##### Provided data #####

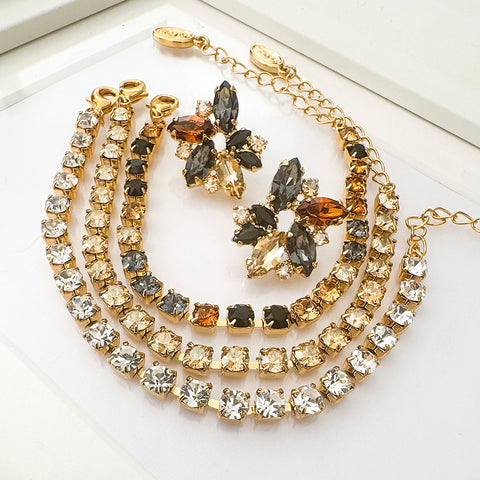 Gouden armbandje (smal) met leopard kristalletjes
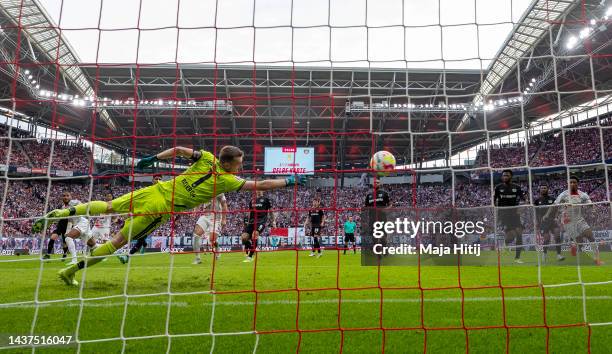 Christopher Nkunku of RB Leipzig scores their team's first goal past Lukas Hradecky of Bayer 04 Leverkusen during the Bundesliga match between RB...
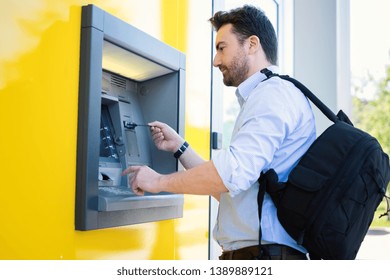 Man Withdrawing Money From An Atm Bank Machine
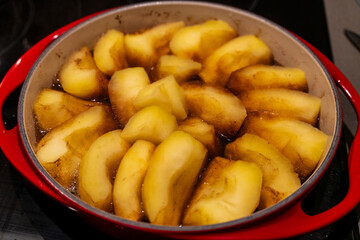 cooking apple pieces for Tatin apple pie, caramelized apples in butter and sugar, Mallorca, Balearic Islands, Spain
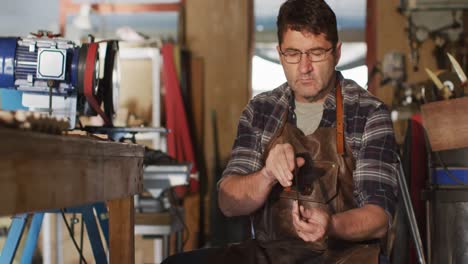 Caucasian-male-knife-maker-sitting-in-workshop,-holding-and-checking-knife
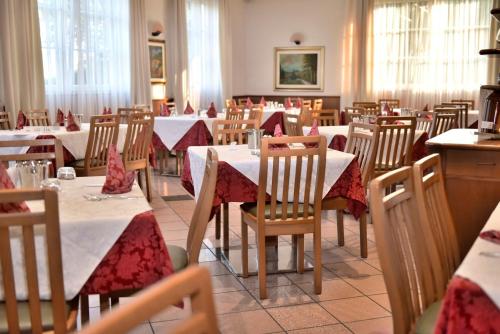 a restaurant with tables and chairs with red and white table cloth at Hotel Bel Sit in Comano Terme
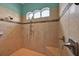Spacious tiled shower featuring a decorative tile accent, bench, and arched window at 5005 Shore Side Dr, Lakeland, FL 33812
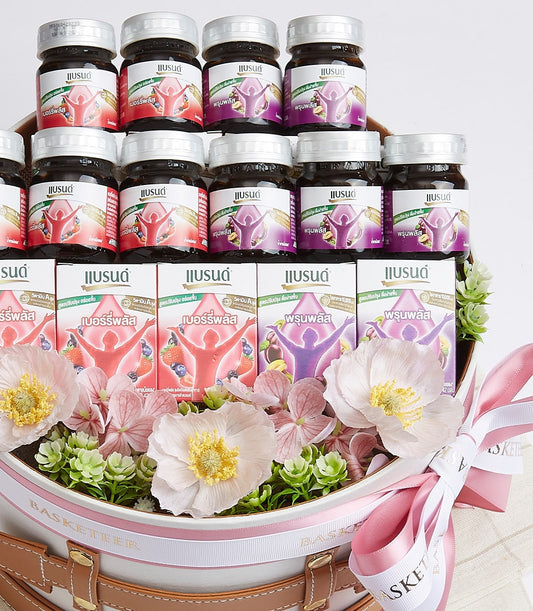 Premium health wellness gift basket with bottled beverages, white ceramic container, leather straps, and fresh pink and
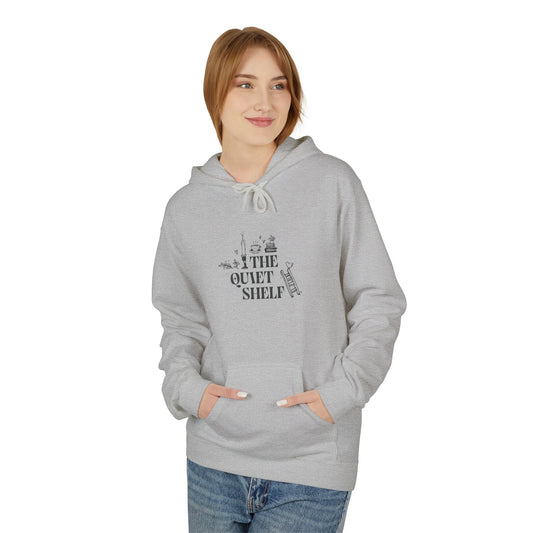 Person wearing a gray hoodie with 'The Quiet Shelf' design on a white background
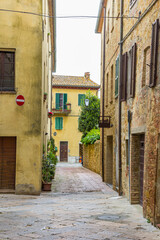 Narrow street with old houses in Tuscan city Pienza, Italy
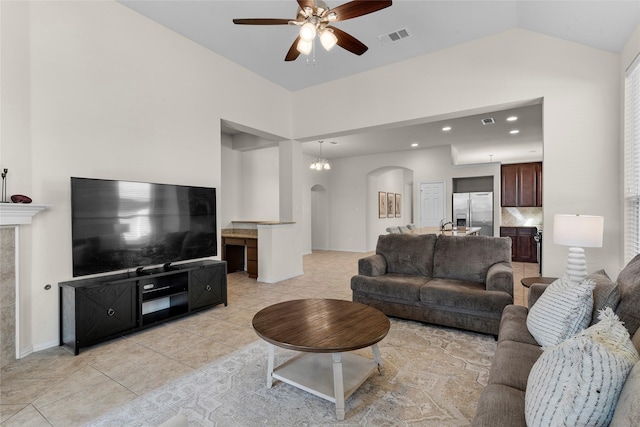 5201 Datewood Ln, Mckinney, TX 75071 - living area featuring arched walkways, ceiling fan, light tile patterned floors, recessed lighting, and high vaulted ceiling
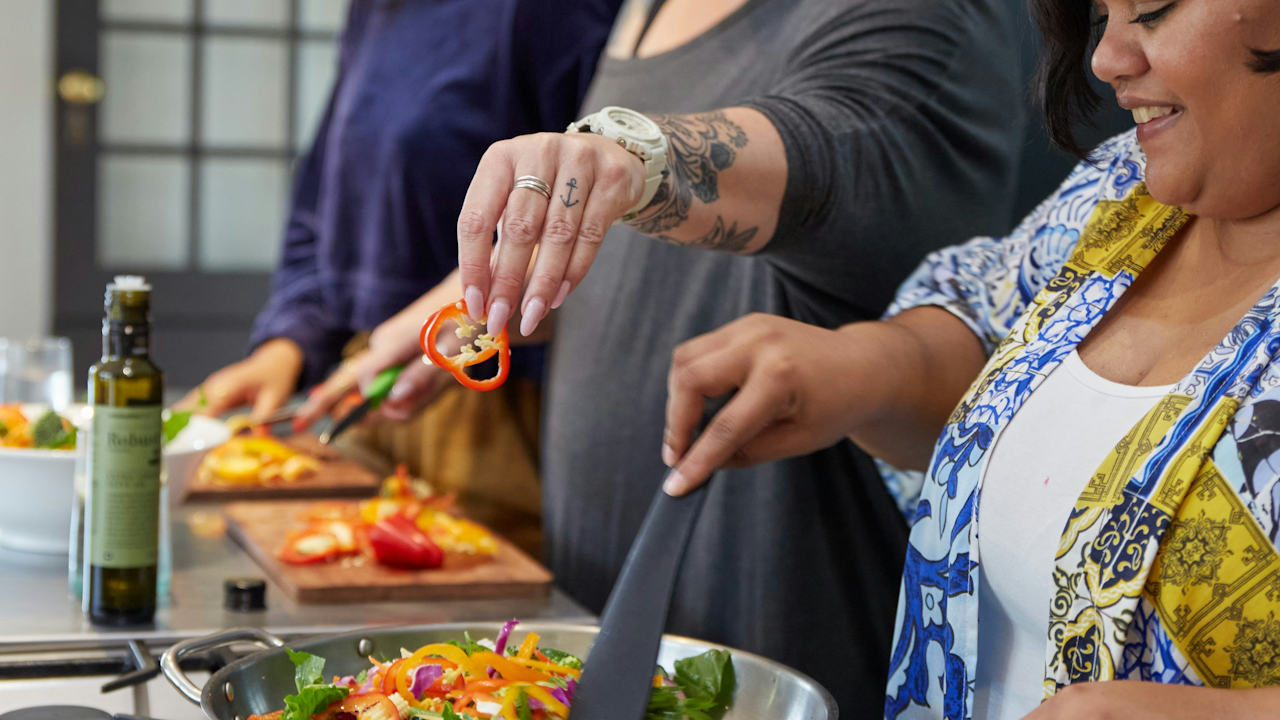 A group of people cooking together indoors, wearing various clothing styles and interacting while preparing food. Some are handling bottles and ingredients.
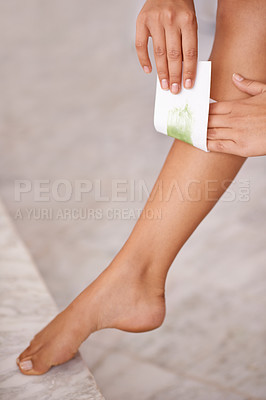 Buy stock photo Closeup, leg and woman with waxing, skincare and wellness with dermatology and aesthetic in a bathroom. Person, lady and girl with hair removal and cosmetics with product and clear with healthy skin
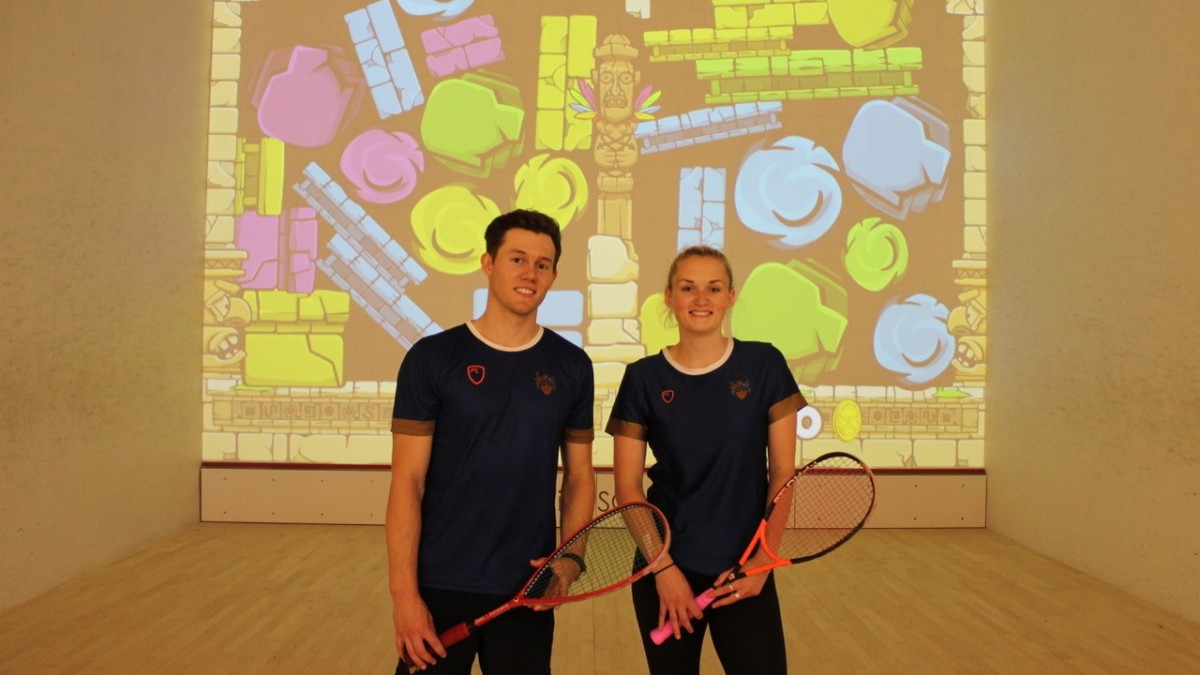 Two Students posing in front of the new interactive Squash Wall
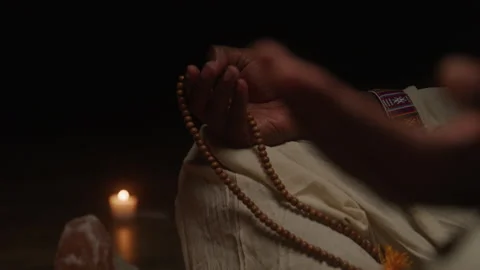 Mystical Man Using Meditation Beads In Temple Stock Footage 217768886
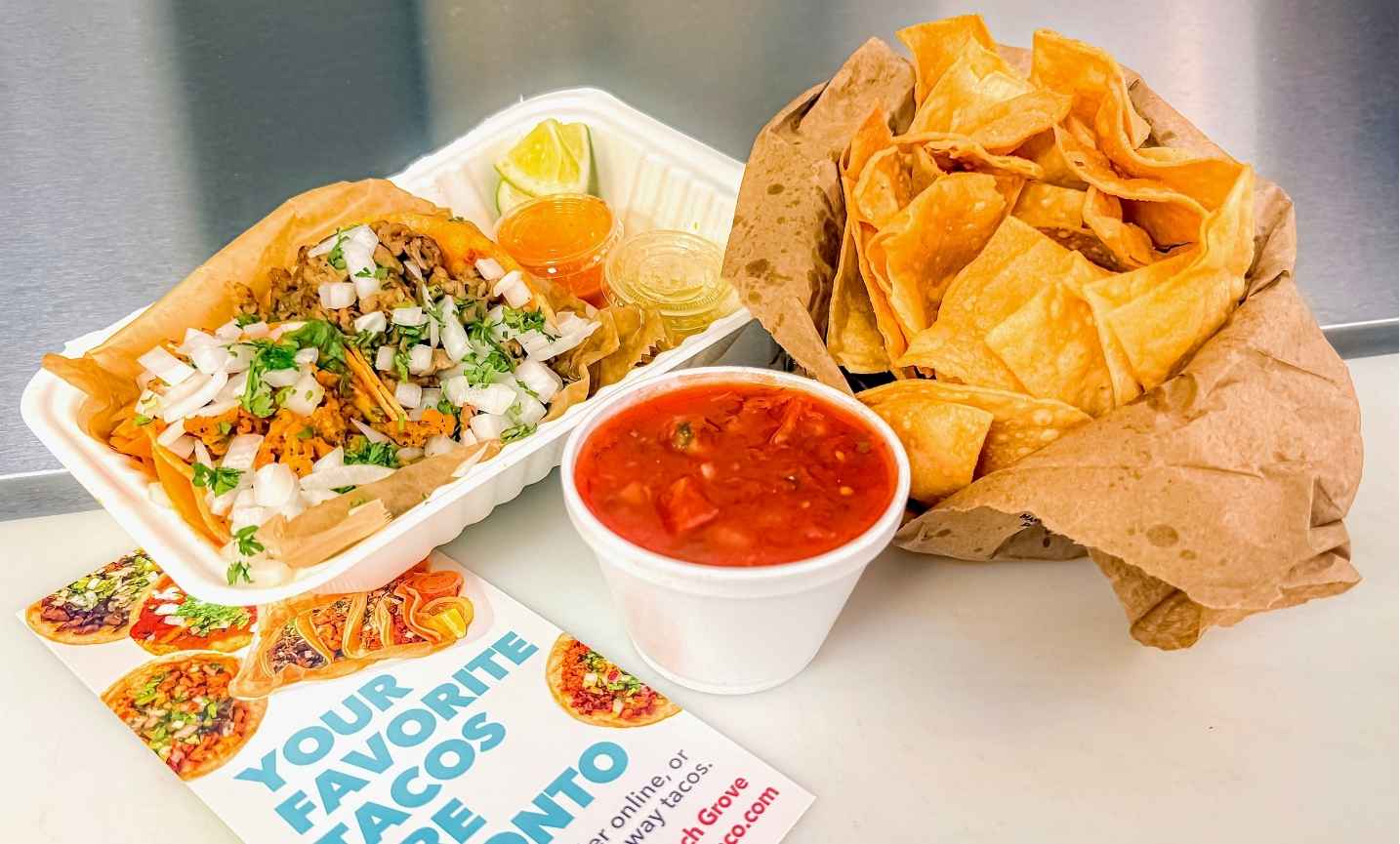 Pronto Combo with two tacos, chips, and salsa ready to serve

#####

Of the lines above, copy only those from the one holding "Premium health wellness" to the one holding "A group of people", both included, and exclude every image.

→ Your solution
 Premium health wellness gift basket with bottled beverages, white ceramic container, leather straps, and fresh pink and
 Person wearing a gray hoodie with 'The Quiet Shelf' design on a white background
 Narrow street with old houses in Tuscan city Pienza, Italy
 5201 Datewood Ln, Mckinney, TX 75071 - living area featuring arched walkways, ceiling fan, light tile patterned floors, recessed lighting, and high vaulted ceiling
 A group of people cooking together indoors, wearing various clothing styles and interacting while preparing food. Some are handling bottles and ingredients.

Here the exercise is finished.